**Records for processing**
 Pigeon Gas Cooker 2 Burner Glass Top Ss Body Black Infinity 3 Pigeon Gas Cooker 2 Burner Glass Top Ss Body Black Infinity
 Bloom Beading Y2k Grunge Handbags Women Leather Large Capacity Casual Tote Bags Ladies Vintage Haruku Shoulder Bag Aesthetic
...
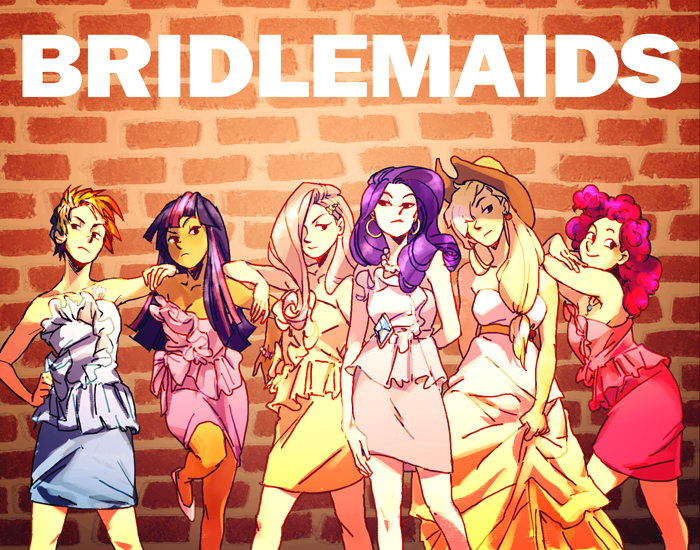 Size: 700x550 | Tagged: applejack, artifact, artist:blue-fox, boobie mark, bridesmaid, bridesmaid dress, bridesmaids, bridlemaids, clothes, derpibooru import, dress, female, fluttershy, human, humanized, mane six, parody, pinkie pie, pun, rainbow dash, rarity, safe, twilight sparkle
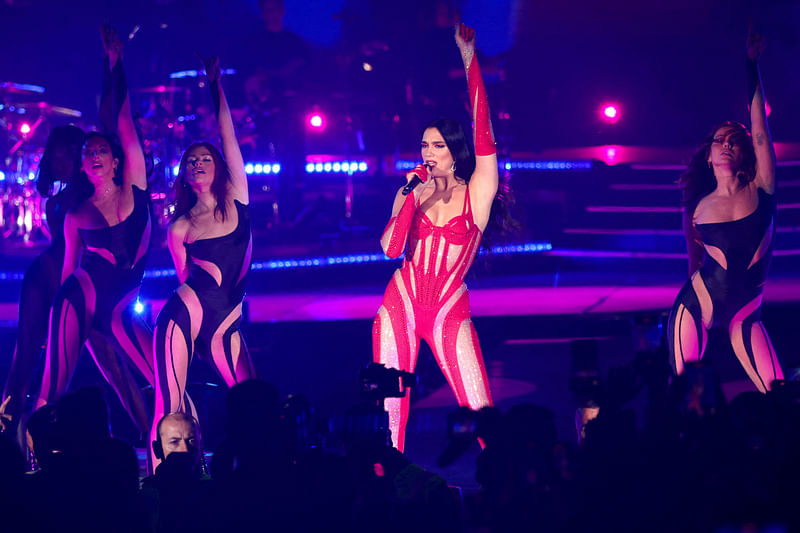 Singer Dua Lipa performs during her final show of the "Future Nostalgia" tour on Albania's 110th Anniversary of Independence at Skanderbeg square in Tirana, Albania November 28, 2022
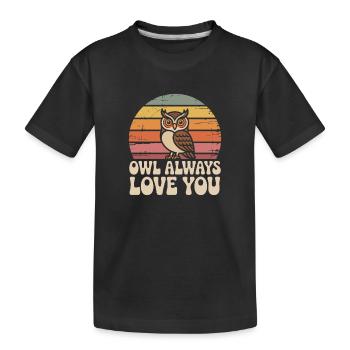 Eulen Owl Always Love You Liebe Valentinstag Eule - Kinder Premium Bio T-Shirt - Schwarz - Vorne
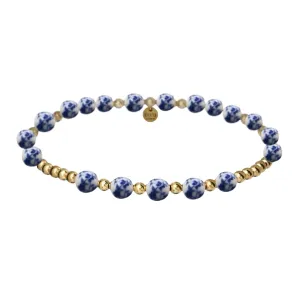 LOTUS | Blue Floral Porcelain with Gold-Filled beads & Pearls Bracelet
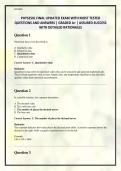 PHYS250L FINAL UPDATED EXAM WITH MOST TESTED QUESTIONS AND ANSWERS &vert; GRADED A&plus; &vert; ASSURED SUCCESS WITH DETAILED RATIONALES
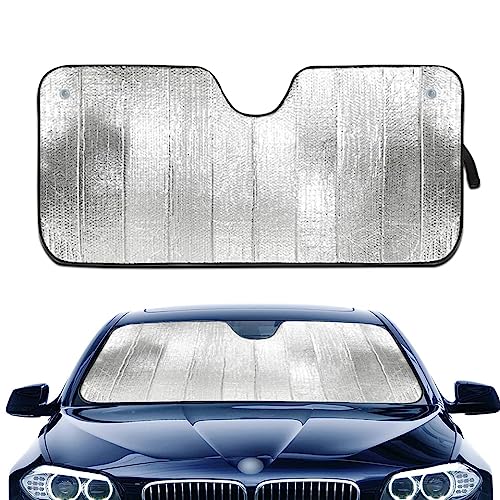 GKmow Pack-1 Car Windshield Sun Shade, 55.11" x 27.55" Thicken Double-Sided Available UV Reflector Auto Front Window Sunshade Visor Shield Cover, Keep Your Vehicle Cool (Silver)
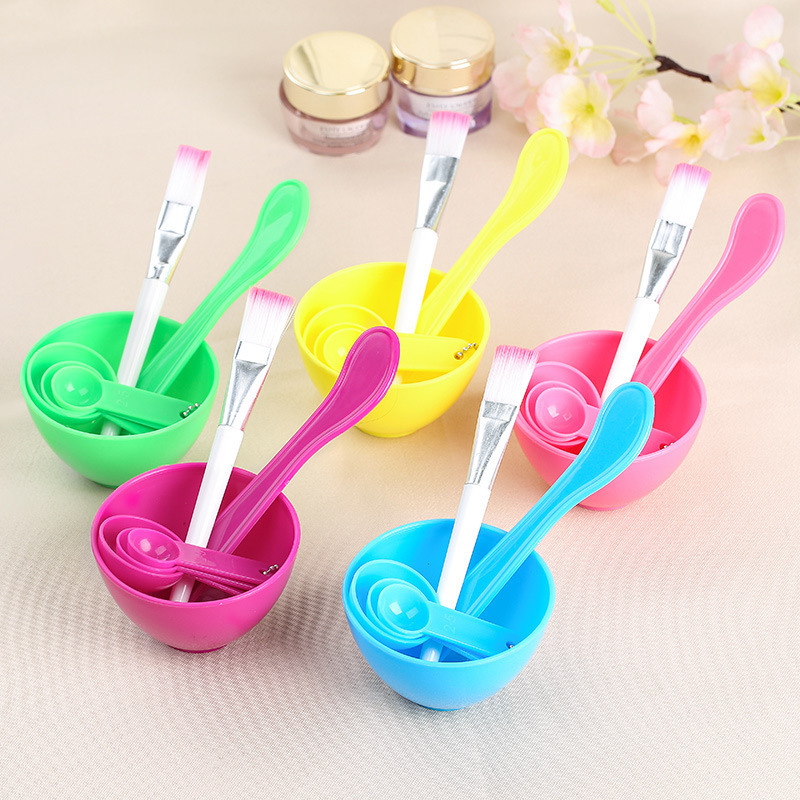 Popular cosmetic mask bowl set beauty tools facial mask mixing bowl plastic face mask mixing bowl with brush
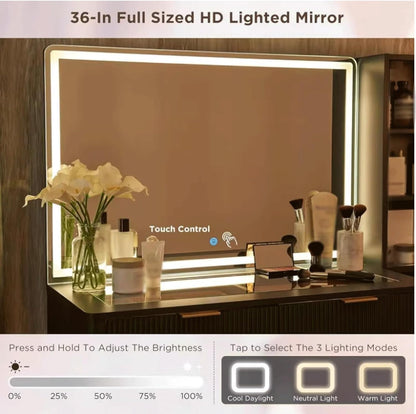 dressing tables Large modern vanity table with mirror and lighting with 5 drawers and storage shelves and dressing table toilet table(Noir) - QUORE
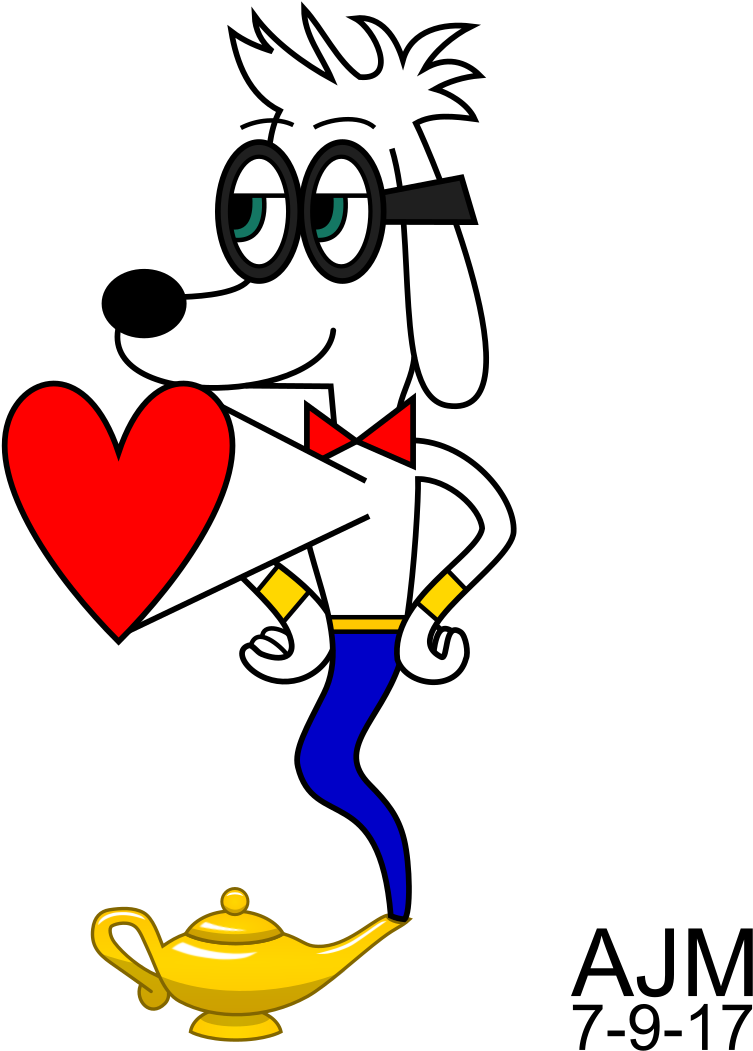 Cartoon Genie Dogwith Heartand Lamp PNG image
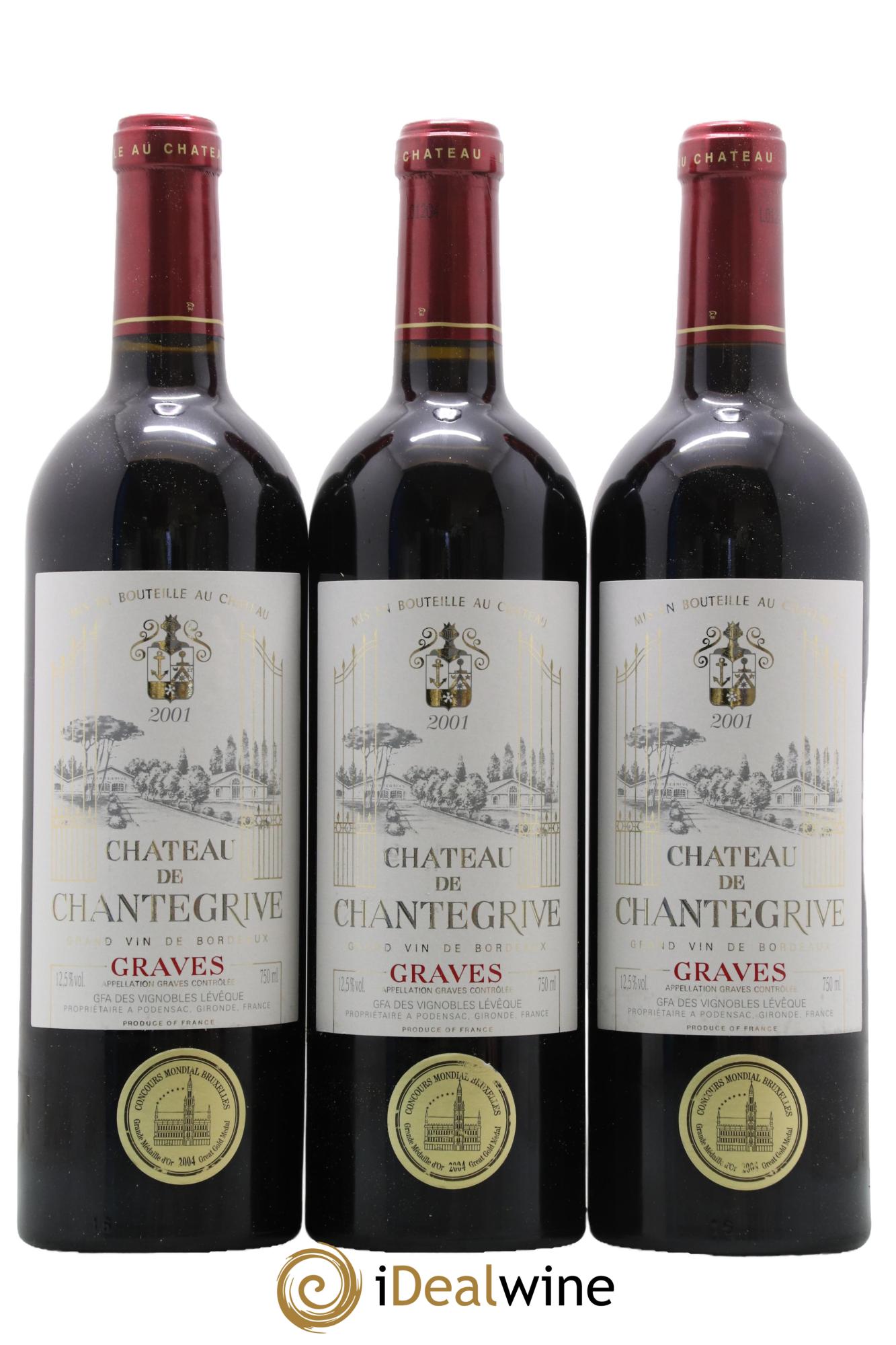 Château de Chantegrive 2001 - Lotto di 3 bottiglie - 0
==
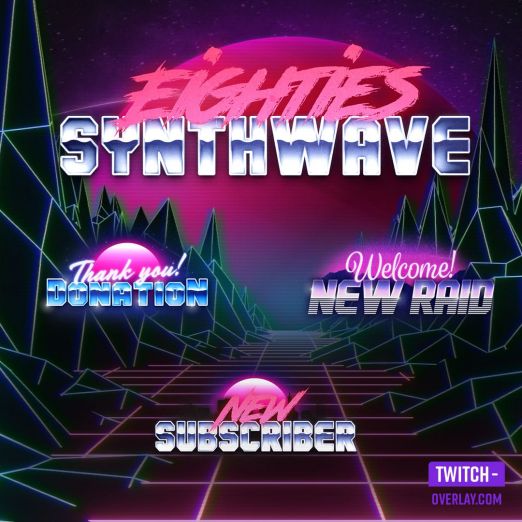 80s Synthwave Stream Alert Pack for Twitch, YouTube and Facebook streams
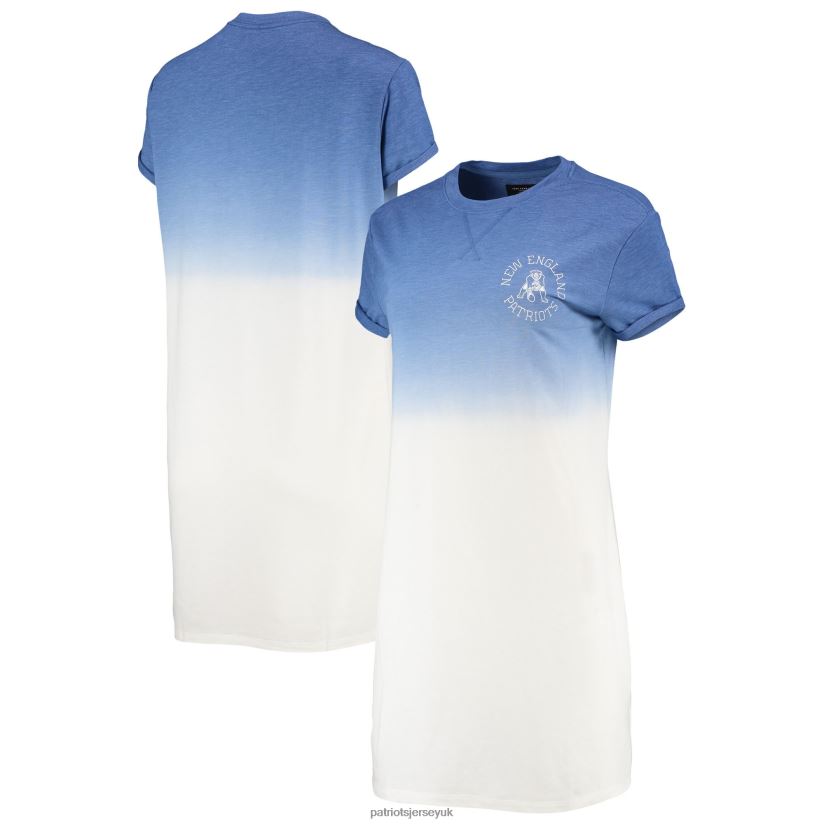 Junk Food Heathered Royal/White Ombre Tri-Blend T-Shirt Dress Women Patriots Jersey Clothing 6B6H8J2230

**Assignment**
Using the data above, print only the lines starting at the one with "LOTUS | Blue" and ending at the one with "GKmow Pack-1 Car", exactly as they stand, minus the pictures.

**Reply**
 LOTUS | Blue Floral Porcelain with Gold-Filled beads & Pearls Bracelet
 PHYS250L FINAL UPDATED EXAM WITH MOST TESTED QUESTIONS AND ANSWERS &vert; GRADED A&plus; &vert; ASSURED SUCCESS WITH DETAILED RATIONALES
 GKmow Pack-1 Car Windshield Sun Shade, 55.11" x 27.55" Thicken Double-Sided Available UV Reflector Auto Front Window Sunshade Visor Shield Cover, Keep Your Vehicle Cool (Silver)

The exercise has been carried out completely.